Why are there so many continuity errors in the later books?
It's a conundrum. The author tries to set up a world with a lot of lore and structure, and keep a strong sense of continuity. When you keep trying to throw in so much continuity, you're bound to get a few details wrong.
Sookie misses an awful lot of work to go galavanting around and solving crimes. In the second book, she and Sam arrange it so she can work a lot before her trip to Dallas, to make up the hours she'd miss. But in later books, she goes on more adventures, and she makes no effort to work up a special schedule.
Sam probably just didn't roster her on on those days.

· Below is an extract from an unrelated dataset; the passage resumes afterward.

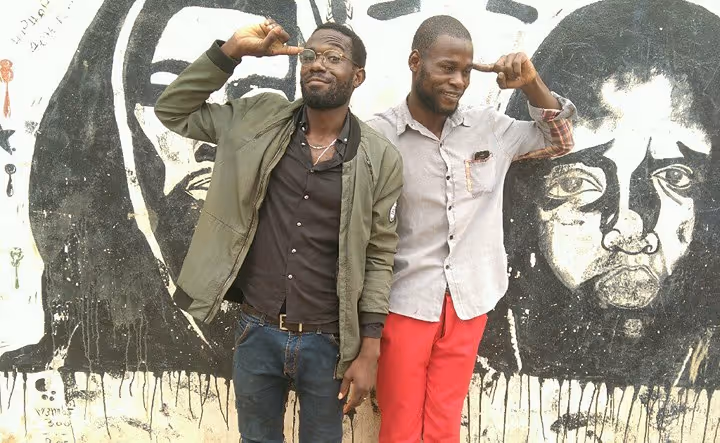 Overdose e Mambo misturam artes em “Cores e Letras”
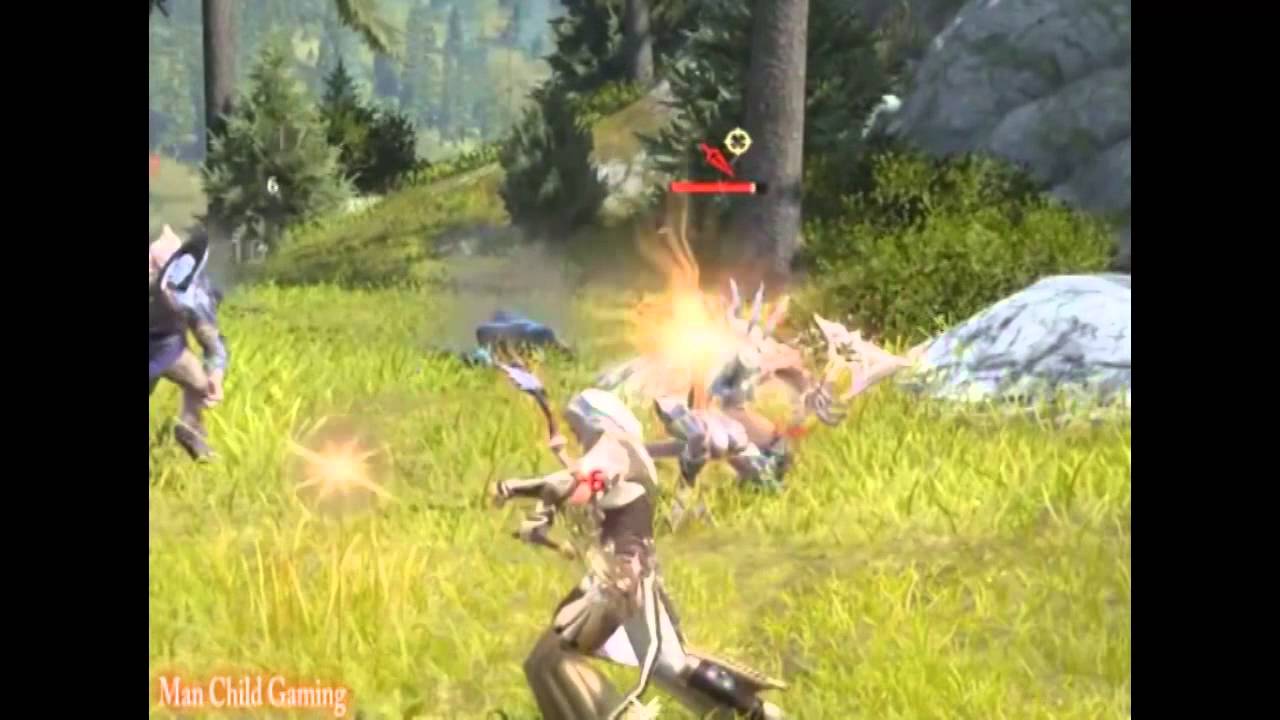 Skyforge Lightbinder Gameplay (The Best Starter Support Class)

Speaking of her work schedule, Sookie tells us how lenient her hours are (as Merlotte's is a quiet family place.) How is it that Sam let's her take off work and gives her barely any hours, yet she's able to afford her taxes, houses, upkeep, Internet, T.V., and such? Does she earn that much?
She gets paid for her work with the supes (though that aspect seems to have been dropped), and she probably has some money from her grandma's will.
Sam's her friend and a good worker (and also lusts after her), which would explain why she still has a job. As for her money, she mentions she still has money from the estates of Claudine and Hadley.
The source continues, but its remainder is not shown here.